B. Venkatesh; Mumbai Newsline, Mumbai
Students of the ‘Happy Home and School for the Blind’, Mumbai, discover their strength and much more through judo.
At the National Judo Championship held on February 25 and 26, 2006, in Mumbai, 30 students of ‘Happy Home and School for the Blind’, Mumbai demonstrated that judo wasn’t something which they took up just for kicks.
"I know exactly where you are standing. Not to my right or left, but bang in front of me," said 10 year-old visually impaired Sachin Patel. After four years of intensive training, he can make out the exact location of the source of sound waves. Judo has made him mentally alert and physically fit. He goes on to add how judo has helped him in different ways; "Before I got into this sport, boarding a train was a major hassle. Now I do it with ease. I know the exact place where the train will stop and when I have to board it."
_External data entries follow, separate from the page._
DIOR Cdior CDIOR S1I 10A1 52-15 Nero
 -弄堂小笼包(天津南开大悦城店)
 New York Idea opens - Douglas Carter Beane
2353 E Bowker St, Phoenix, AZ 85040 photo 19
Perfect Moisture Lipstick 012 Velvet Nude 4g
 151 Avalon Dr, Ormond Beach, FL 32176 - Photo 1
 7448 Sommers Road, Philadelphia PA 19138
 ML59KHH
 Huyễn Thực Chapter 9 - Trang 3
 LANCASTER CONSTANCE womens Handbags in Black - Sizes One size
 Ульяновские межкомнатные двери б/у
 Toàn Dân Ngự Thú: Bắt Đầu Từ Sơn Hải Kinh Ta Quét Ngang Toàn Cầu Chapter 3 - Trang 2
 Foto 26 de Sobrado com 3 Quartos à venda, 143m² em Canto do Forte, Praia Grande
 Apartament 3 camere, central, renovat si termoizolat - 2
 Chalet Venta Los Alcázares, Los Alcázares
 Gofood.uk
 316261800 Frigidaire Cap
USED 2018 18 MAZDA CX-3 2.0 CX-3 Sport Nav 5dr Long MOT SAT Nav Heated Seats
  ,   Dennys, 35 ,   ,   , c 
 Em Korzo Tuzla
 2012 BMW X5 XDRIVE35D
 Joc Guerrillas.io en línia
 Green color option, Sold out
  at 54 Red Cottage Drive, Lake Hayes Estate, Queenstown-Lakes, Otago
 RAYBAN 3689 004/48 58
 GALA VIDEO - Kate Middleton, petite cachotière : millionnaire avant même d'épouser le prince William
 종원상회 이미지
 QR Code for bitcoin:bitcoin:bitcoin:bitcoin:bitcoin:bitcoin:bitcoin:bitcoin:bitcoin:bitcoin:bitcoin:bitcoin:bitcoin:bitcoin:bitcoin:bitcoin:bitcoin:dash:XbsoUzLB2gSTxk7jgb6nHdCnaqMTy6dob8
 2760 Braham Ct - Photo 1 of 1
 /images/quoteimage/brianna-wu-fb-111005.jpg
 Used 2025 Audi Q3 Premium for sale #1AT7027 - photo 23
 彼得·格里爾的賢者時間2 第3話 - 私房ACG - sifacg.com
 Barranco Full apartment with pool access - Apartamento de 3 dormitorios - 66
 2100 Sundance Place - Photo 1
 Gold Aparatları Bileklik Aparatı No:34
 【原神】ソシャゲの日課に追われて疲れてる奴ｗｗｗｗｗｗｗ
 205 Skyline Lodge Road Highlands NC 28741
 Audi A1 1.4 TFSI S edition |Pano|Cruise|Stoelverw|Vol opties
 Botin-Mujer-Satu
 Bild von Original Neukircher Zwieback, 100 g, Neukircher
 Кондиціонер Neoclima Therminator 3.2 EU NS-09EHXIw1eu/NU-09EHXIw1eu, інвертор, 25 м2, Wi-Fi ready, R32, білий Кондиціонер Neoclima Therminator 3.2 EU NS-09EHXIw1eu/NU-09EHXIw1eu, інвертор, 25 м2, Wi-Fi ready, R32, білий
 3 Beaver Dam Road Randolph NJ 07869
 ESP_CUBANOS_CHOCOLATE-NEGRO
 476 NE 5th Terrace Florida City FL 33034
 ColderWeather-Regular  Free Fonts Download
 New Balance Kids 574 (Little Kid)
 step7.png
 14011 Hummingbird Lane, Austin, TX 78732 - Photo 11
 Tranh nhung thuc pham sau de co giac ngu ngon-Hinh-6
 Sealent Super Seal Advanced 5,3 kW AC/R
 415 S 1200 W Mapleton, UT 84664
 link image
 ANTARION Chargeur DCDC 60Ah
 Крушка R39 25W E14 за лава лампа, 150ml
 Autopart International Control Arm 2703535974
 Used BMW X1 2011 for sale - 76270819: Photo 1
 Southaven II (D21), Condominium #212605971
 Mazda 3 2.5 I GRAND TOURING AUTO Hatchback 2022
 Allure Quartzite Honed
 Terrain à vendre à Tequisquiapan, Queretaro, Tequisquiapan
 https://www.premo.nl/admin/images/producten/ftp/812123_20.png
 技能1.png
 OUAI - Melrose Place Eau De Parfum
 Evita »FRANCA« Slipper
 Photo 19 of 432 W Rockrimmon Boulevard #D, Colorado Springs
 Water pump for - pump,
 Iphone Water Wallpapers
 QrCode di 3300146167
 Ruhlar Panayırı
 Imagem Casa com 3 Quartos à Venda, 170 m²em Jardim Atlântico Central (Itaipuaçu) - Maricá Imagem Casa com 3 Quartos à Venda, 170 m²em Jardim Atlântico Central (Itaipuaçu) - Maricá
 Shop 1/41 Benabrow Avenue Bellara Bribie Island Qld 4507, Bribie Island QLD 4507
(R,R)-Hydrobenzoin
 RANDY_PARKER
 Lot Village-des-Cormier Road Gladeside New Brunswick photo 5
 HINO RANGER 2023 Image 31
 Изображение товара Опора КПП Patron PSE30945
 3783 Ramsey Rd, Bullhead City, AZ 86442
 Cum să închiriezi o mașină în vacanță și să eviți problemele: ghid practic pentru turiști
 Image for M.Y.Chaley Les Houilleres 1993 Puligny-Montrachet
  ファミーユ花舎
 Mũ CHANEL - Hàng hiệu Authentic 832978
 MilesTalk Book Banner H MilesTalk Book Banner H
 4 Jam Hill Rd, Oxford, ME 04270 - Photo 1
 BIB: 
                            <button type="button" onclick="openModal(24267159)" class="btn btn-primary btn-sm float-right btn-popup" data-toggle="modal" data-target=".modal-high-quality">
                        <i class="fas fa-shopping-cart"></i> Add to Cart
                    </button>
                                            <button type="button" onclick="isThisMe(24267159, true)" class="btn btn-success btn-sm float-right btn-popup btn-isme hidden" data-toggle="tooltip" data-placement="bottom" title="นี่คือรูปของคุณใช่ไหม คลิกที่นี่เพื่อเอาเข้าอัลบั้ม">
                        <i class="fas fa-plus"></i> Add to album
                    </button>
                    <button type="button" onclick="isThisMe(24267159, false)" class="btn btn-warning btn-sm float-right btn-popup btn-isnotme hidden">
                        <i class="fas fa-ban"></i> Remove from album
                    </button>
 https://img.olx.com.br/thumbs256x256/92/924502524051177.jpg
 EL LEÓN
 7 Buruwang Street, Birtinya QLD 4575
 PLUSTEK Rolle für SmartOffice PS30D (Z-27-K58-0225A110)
The school started judo training to boost the confidence of students. Rajesh Kakkar, judo coach, said: "We were surprised by the number of students who opted for the sport. But now, looking at how popular it has become, I realise how much it means to the kids."
Judo training has helped students discover their strength and has made them independent. Mahavir Chauhan (aged 11), one of the students said, "When we are not together we still can deal with situations. Nobody can dare touch me, I can drop him down with a drop kick."
For nine-year-old Tushan Wala, the youngest participant from the school, there was a different reason for liking judo: ‘‘The confidence factor is certainly there, but the sport has made me happy. I used to feel homesick, but going out with my friends for the judo classes has changed my world."